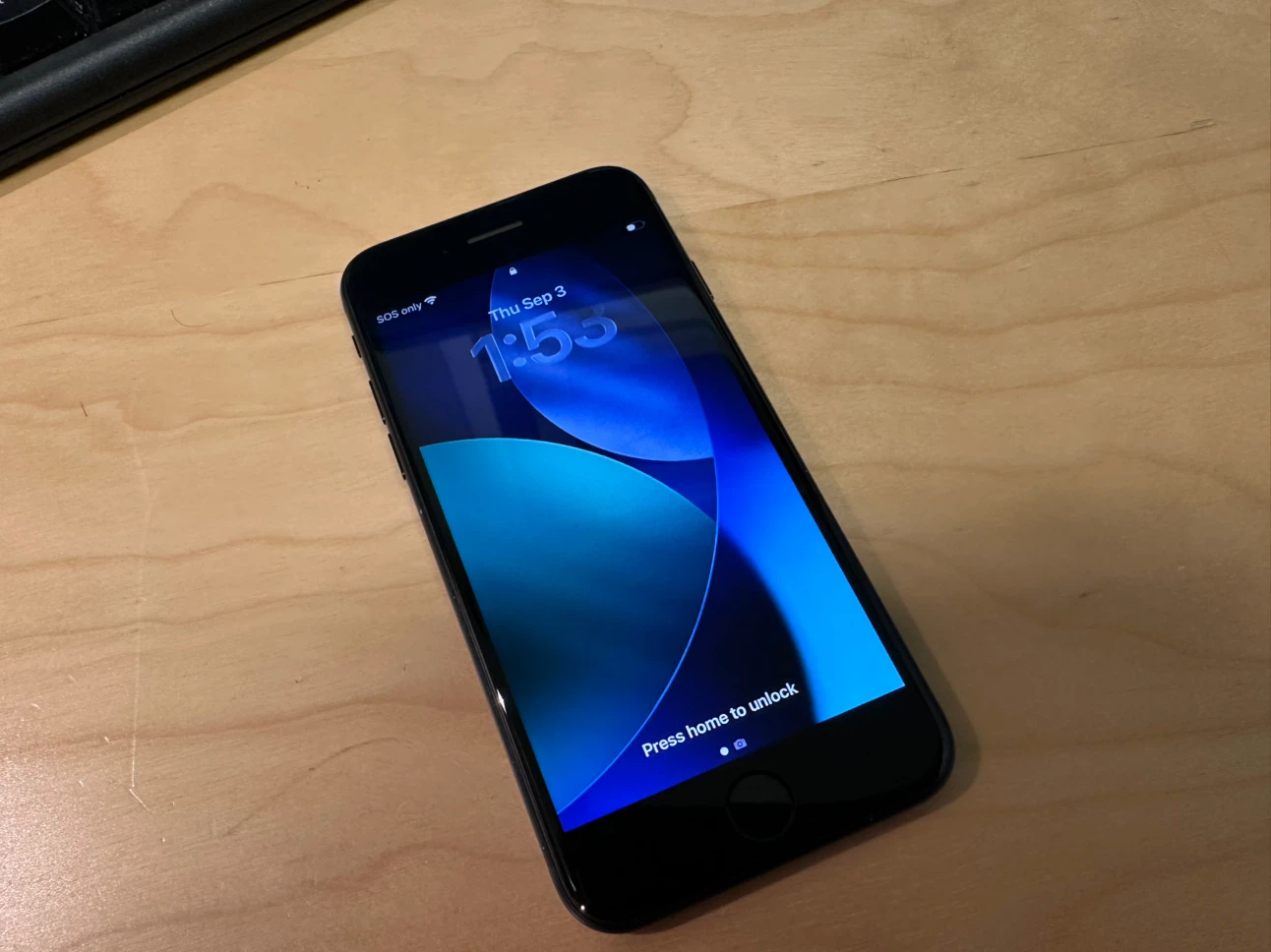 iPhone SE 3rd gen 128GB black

____________________

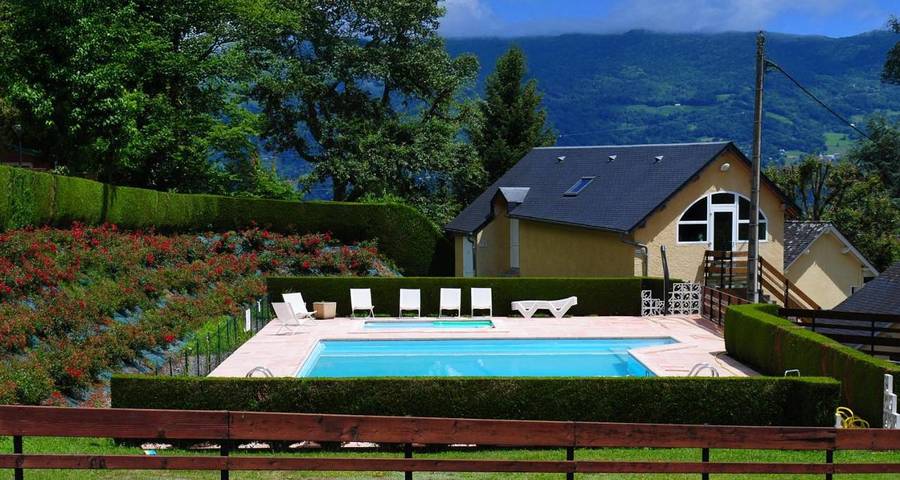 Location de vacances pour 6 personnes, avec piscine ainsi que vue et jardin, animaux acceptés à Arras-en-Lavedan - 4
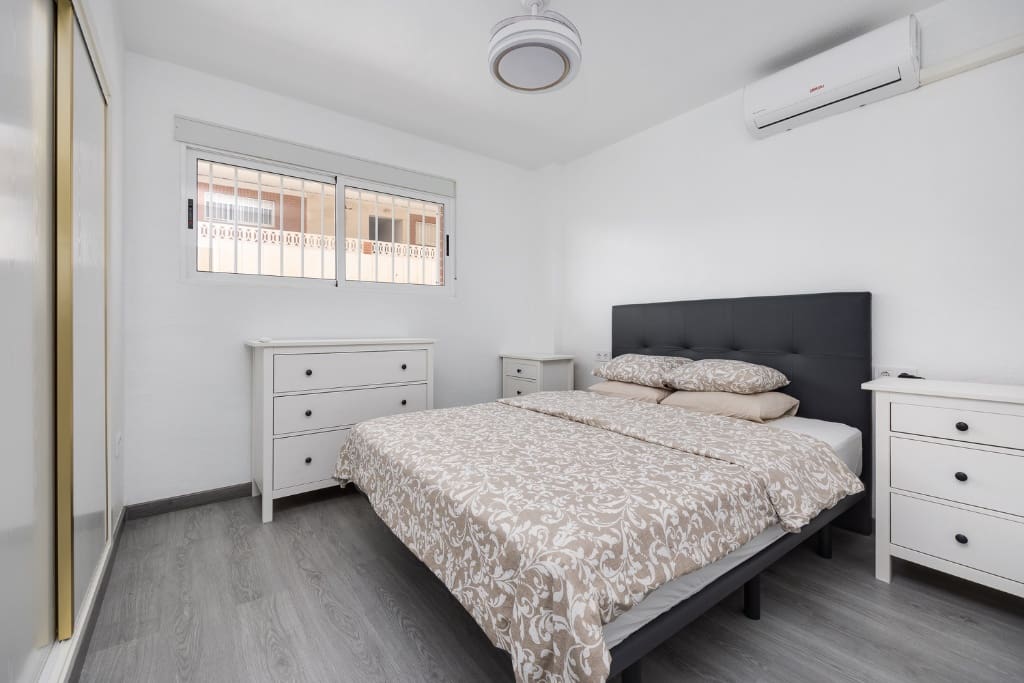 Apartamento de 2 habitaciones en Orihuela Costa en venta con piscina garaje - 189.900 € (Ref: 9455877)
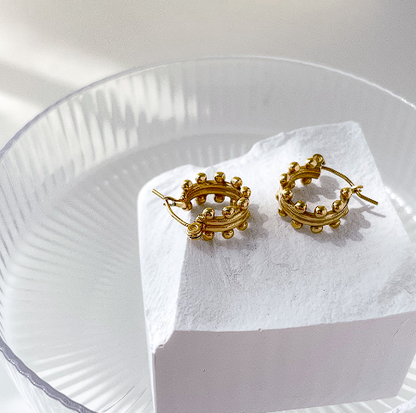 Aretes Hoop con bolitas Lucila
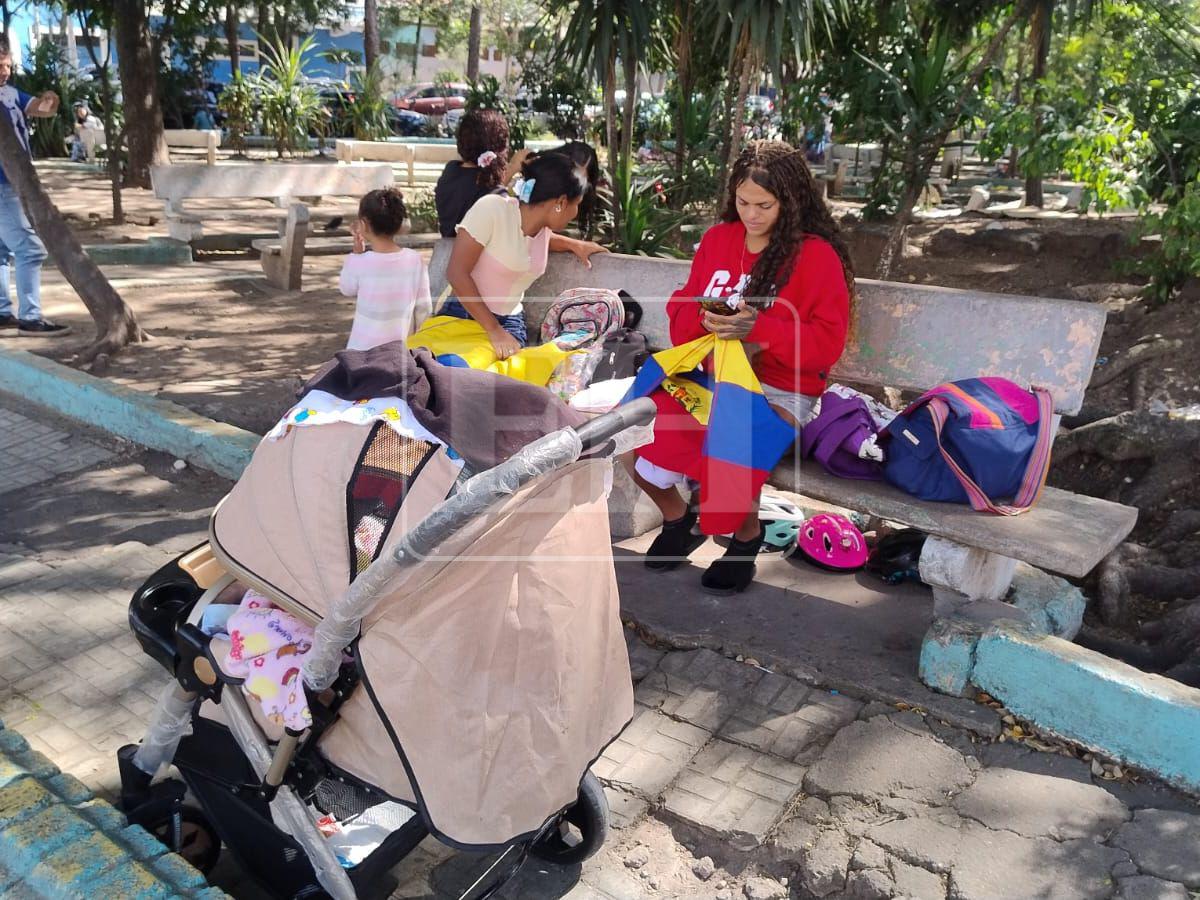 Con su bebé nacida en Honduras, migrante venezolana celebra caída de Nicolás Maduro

____________________

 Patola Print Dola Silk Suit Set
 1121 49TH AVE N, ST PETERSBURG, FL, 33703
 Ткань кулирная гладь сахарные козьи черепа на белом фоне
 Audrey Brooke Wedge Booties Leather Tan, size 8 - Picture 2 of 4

____________________

- Try it: Set down precisely the lines above between the line holding "1121 49TH AVE N, ST PETERSBURG, FL, 33703" and the line holding "Audrey Brooke Wedge", inclusive, and nothing beyond them.

- Answer box:
 1121 49TH AVE N, ST PETERSBURG, FL, 33703
 Ткань кулирная гладь сахарные козьи черепа на белом фоне
 Audrey Brooke Wedge Booties Leather Tan, size 8 - Picture 2 of 4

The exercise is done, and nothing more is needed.